Adobe CEO Shantanu Narayen has told Telegraph that, since Apple's just not that into Flash, he and his almost ubiquitous plugin are moving on:

"We believe in open systems. We believe in the power of the internet and in customers making choices and I think a lot of the controversy was about their decision at that point. They've made their choice. We've made ours and we've moved on." [Telegraph]
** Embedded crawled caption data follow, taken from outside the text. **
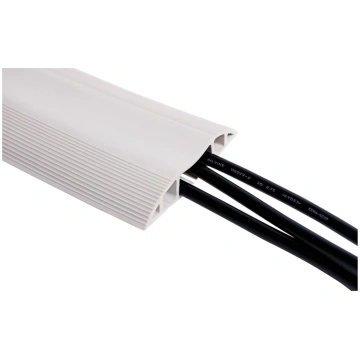 Dataflex Kabel-Brücke, grau, 1,5 m | 31.150 | 0805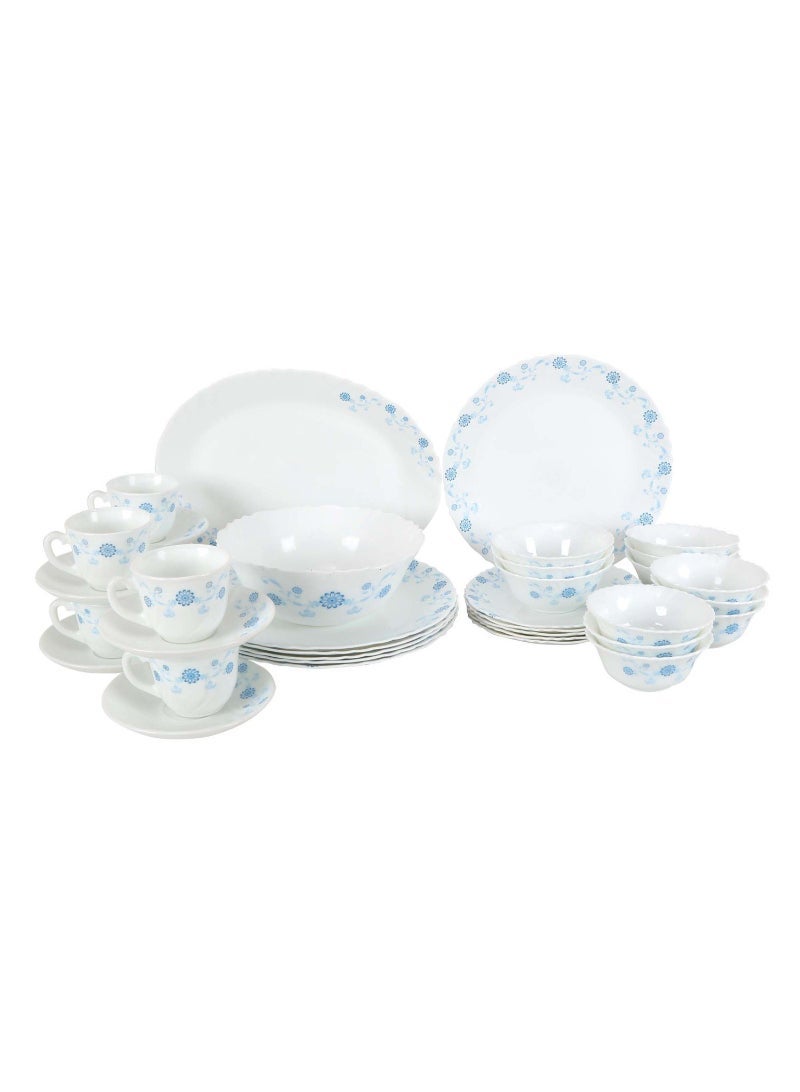 Cello Dinner Set Blue Lagune 38pcs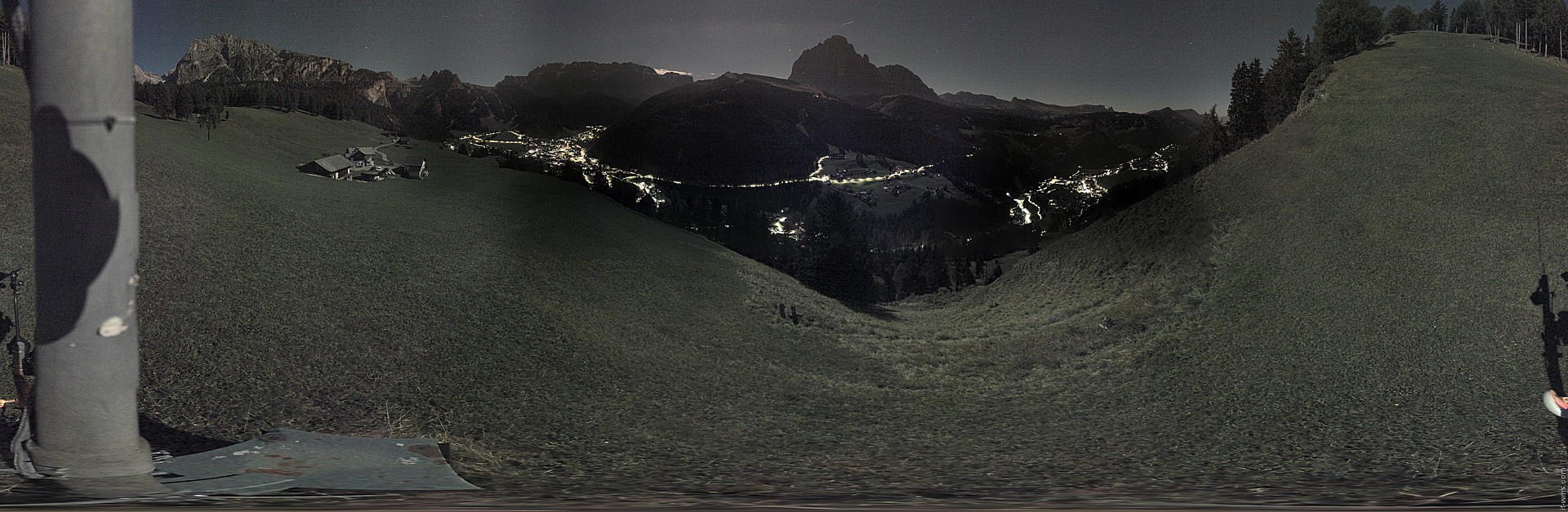 Archived image Webcam Panoramic view of Wolkenstein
The part about openness, of course, is Eric Schmidt-level disingenuous. It has nothing to do with corporate philosophy and everything to do with trying to pander for sympathy from a large, active user base. Unfortunately, it tends to work so if you're feeling any FOSS-pangs on Adobe's behalf, remind yourself that what they and their complaint to the FTC are all about is preventing developers getting locked into Xcode so Adobe can lock them into CS 5, and preventing video getting moved to HTML 5 so Adobe can keep it in Flash. And that's all fine, that's all great -- it's what a company should be doing for their products. It just shouldn't be wrapped in "openness" buzzwords, it should be wrapped in great, jaw-dropping, must-have technology.

Which brings us to the one mobile device OS Adobe has actually managed to ship Flash on some 3 years after everyone was demanding it on the iPhone -- Android 2.2. Android Central has given it fairly positive reviews. Laptop Magazine's Avram Piltch on the other hand was somewhat less than thrilled with the shipping version, given his headline:

Mobile Flash Fail: Weak Android Player Proves Jobs Right [Laptopmag]

He's referring to Steve Jobs' open letter on Flash and subsequent comments at the D8 conference. The headline is sensationalistic for certain (though who am I to judge, see above), but then Adobe's John Dowdell, after the reading the article, seemingly intimated Piltch was using an illegitimate version of the software on a hacked device (which he wasn't). [Macalope]

I've used Mobile Flash on my Nexus One and it's... okay. If this was 2007, it would even be promising. As it is, in 2010, Adobe can certainly move on from Apple, but it seems mobile is rapidly moving past Flash.